THERMAL GAS-PHASE OXIDATION OF TRIFLUOROBROMOETHENE, CF2CFBr, INITIATED BY NO2

ARCE, V; DOS SANTOS AFONSO, M.; ROMANO, R.M.; CZARNOWSKI, J.

The Journal of the Argentine Chemical Society

Año: 2005 vol. 93 p. 123 - 136

0365-0375

The oxidation of CF2CFBr by molecular O2 initiated by the addition of NO2 to the double bond of the alkene was studied at 313.4 K, using a conventional static system. The initial pressure of CF2CFBr was varied between 18.8 and 43.9 torr, that of NO2 between 0.9 and 4.8 torr and that of O2 between 96.9 and 402.9 torr. The following products were formed: CF2BrC(O)F, as the main product, C(O)F2 and C(O)FBr and small amounts of peroxynitrate, CF2BrCFBrO2NO2, and trifluorobromoethene epoxide.
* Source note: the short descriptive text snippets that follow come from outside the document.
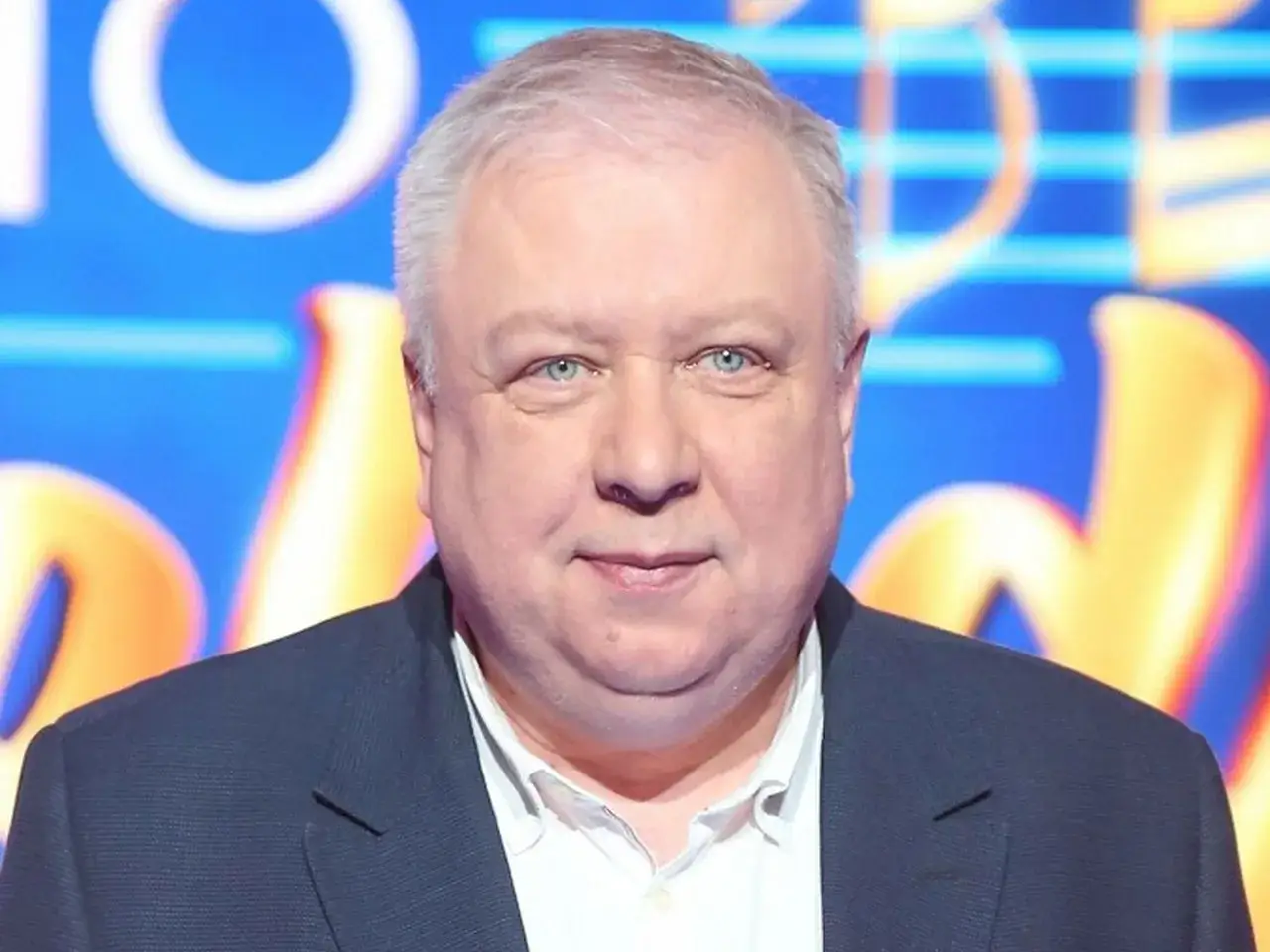 Marek Sierocki w garniturze, z niebieskimi oczami. W tle niebiesko-żółte litery.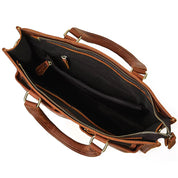 Borsa in pelle marrone con cerniera aperta, manici robusti, tasche interne e fodera nera. Elegante e spaziosa, ideale per lavoro e viaggio.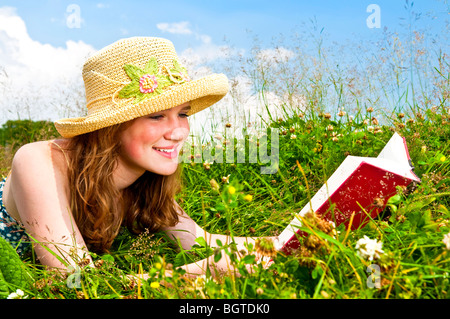 Portrait of teenage girl reading book in summer meadow with straw hat Banque D'Images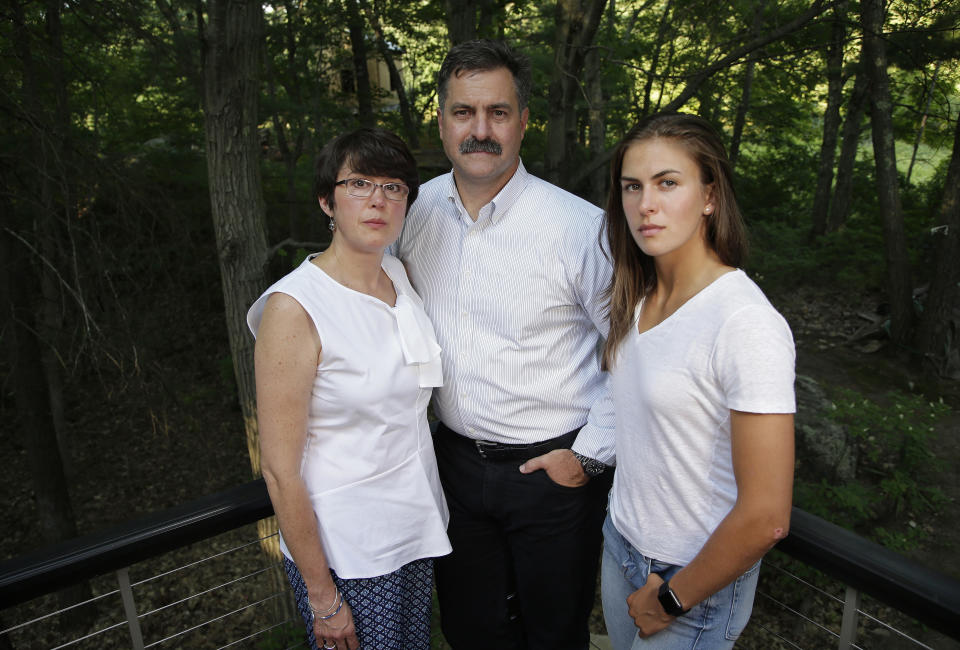 FILE - Family members of 18-year-old murder victim Andrew Oneschuk, from left, mother, Chris; father, Walter, and sister, Emily, stand for a portrait at their home on Aug. 9, 2017, in Wakefield, Mass. Devon Arthurs pleaded guilty Monday, May 8, 2023, to fatally shooting his two Florida roommates in 2017, including Oneschuk, abruptly avoiding the start of a murder trial in which he had planned to use the insanity defense, according to court records. (AP Photo/Steven Senne, File)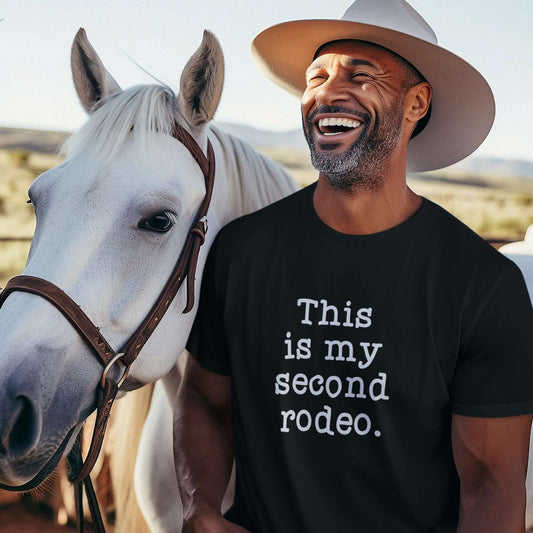 Laughing man standing next to a horse. He is wearing a black t-shirt with the funny phrase This is my second rodeo printed on the front.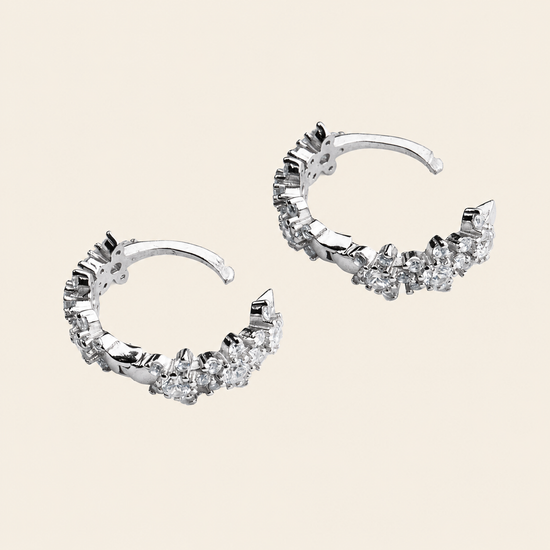 A pair of silver-toned crescent-shaped hoop earrings adorned with clear cubic zirconia stones, displayed on a solid light beige background.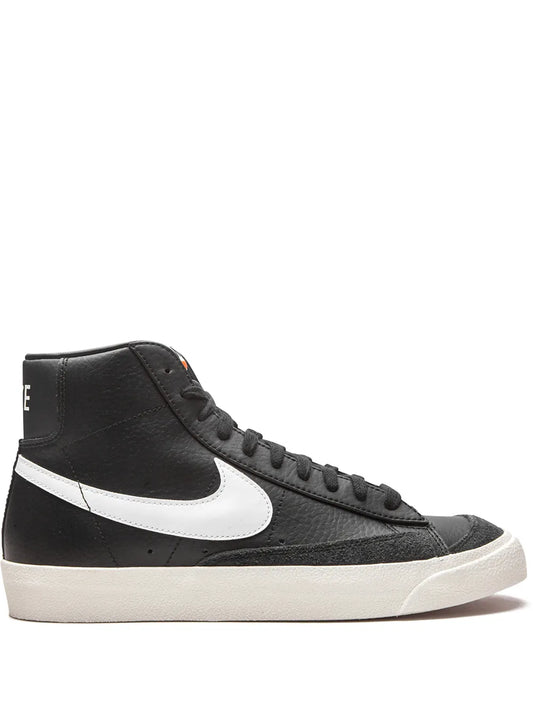 Black mid-top Nike Blazer sneaker with white swoosh and lace-up design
CF2BrC(O)F was characterized by its IR spectrum consistent with both the proposed structure and the calculations carried out using ab initio and Density Functional Theory methods. In presence of CF2CFBr the reaction proceeded with a pressure decrease. After the alkene was consumed an increase of the pressure and formation of bromine was observed. The oxidation is a chain reaction of pseudo-zero order with respect to O2 as reactant at the pressure of oxygen used in this work. Its basic steps are: chain initiation by addition of NO2 to the double bond leading, through reaction sequence in presence of O2, to generation of bromine atoms and chain propagation by reaction of Br • with alkene, originating CF2BrCFBrO2  and CF2BrCFBrO radicals. The predominant fate of the latter is the bromine atoms extrusion, with C-C bond cleavage playing only a minor role. A full mechanism is postulated. The value of (2.2 ±1) x 10-5 s-1 was obtained for the room temperature rate constant for the unimolecular decomposition of  F2BrCFBrO2NO2.